Novas Histórias do Tempo da Velha Escola (MCXLVIII)

São Sebastião do Caí, 16 de fevereiro de 2043

Neste dia de há vinte anos, fui até ao interior gaúcho, na intenção de visitar o meu amigo Bruno e a sua Escola da Floresta. Não consegui. Naquele tempo, era grande a azáfama e longas as distâncias a percorrer. Apenas no sábado seguinte, quando voltei ao lugar virtual onde a inovação acontecia, com ele conversei.

No segundo encontro do projeto de formação em novas construções sociais de aprendizagem, esclareci que não se tratava de teorizar teorizações, mas de operar efetiva mudança. Para tal, eu constituíra um primeiro círculo de aprendizagem, “praticando Darcy”. Ele serviria de referência para outros círculos. 

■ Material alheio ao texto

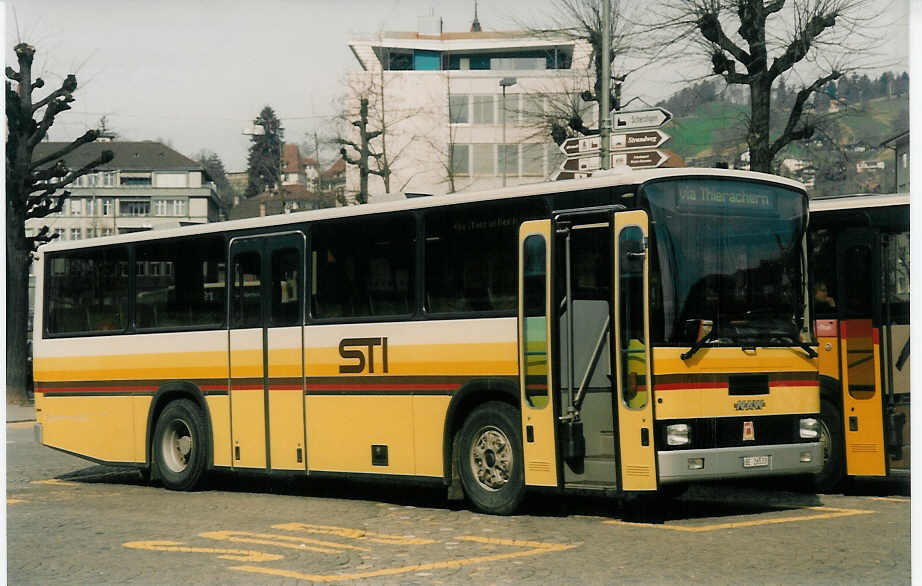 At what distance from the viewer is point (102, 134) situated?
37906 mm

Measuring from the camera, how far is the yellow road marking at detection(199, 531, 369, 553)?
11281 millimetres

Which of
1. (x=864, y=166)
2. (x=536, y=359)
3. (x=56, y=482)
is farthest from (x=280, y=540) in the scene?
(x=864, y=166)

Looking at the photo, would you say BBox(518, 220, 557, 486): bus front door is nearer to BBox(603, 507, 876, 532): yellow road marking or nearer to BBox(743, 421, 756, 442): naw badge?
BBox(603, 507, 876, 532): yellow road marking

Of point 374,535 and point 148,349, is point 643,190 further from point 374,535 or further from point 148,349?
point 148,349

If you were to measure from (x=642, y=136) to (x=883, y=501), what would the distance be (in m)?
7.76

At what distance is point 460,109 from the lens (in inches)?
3457

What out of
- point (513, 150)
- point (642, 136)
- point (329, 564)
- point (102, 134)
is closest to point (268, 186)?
point (513, 150)

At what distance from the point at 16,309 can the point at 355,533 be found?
27.8m

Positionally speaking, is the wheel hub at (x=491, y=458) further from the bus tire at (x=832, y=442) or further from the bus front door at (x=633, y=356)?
the bus tire at (x=832, y=442)

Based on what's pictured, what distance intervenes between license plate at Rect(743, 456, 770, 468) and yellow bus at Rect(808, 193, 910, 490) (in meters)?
2.48

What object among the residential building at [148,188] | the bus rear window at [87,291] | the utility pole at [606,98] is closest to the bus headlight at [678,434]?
the bus rear window at [87,291]

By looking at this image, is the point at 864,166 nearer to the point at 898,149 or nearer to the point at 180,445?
the point at 898,149

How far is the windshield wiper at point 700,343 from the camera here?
40.5ft

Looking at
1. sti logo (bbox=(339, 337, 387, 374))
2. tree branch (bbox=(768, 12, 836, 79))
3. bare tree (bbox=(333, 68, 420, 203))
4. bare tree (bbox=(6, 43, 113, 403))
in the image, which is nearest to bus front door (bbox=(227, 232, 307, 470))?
sti logo (bbox=(339, 337, 387, 374)) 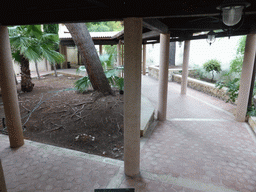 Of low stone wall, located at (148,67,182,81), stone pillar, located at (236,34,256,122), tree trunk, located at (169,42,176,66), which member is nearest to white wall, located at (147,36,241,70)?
tree trunk, located at (169,42,176,66)

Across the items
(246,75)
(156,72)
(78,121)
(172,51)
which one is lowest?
(78,121)

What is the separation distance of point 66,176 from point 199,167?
2.69 m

Sempre tive por princípio não sugerir a outros que fizessem aquilo que eu não fazia… e voltava ao chão de escola. Nesse sábado, preparamos intervenções várias: a tutoria um-para-um, a criação de círculos de aprendizagem, a elaboração de roteiros de estudo, registos de avaliação… 

Por essa via, concretizávamos o que combináramos com uma secretaria de educação, a saber:

“Contribuir para erradicar o analfabetismo, superar as desigualdades educacionais, com ênfase na promoção da cidadania e na erradicação de todas as formas de discriminação, a melhoria da qualidade da educação, promover cidadania, com ênfase em valores, assegurar a gestão democrática da educação pública, a promoção humanística, científica, cultural e tecnológica, e o respeito dos direitos humanos, à diversidade e à sustentabilidade socioambiental.”

No fevereiro de vinte e dois, eu testava teoria construída ao longo de mais de meio século. A formação experiencial acumulada me mostrava que estava cheio de ignorâncias. Que deveria partir de práticas “disruptivas”, como as da Ponte, do Âncora, ou da Escola Aberta, para as instalar, as analisar criticamente e, prudentemente, inovar.

E eis que surgem… “divergências”. 

“Tem de cumprir a lei da secretaria!”

Respondi:

“A lei que se tem de cumprir é a Constituição, a Lei de Bases, o ECA e outras formas de proteger a infância de uma escola que não ensina, nem educa, que condena milhões ao analfabetismo, à ignorância, à exclusão. 

Uma das competências do GT criado pela secretaria é “a adequação de normativa para a implantação e implementação de comunidades de aprendizagens”. Se pretendemos produzir inovação pedagógica, será necessário produzir inovação normativa.”

Os “divergentes” não desarmavam:

“Mas não se pode publicar a criação de uma escola, quando o ano letivo já começou!”

“Se ainda não foi publicada é porque o serviço público é lento. Em Brasília, uma escola-comunidade foi criada e publicada em poucos dias. E numa comunidade de aprendizagem não existe “ano letivo.”

“Dizer que não existe ano letivo é um disparate!”

“Disparate é fazer afirmações como essa e não as fundamentar.

Diga lá: por que tem de haver ano letivo?

Os “divergentes” nada responderam.

Por algum tempo, o projeto que batizei de “Praticar Darcy” andou, como diria o povo, “aos trancos e barrancos”, por obra e graça de porquenãos “divergentes” e atos de deslealdade. 

Muita paciência o vosso avô gastou! Ciclópicos obstáculos surgiam. Em equipe os defrontei. Ou não fosse o vosso avô um taurino genuíno – onde metesse os cornos…

A Lei de Bases brasileira pecava por não tornar explícito aquilo que a Lei de Bases portuguesa deixara claro:

“Artigo 48º – Na administração e gestão dos estabelecimentos de educação e ensino devem prevalecer critérios de natureza pedagógica e científica sobre critérios de natureza administrativa.”  

Mas, se a LDBEN era omissa, nós não o éramos.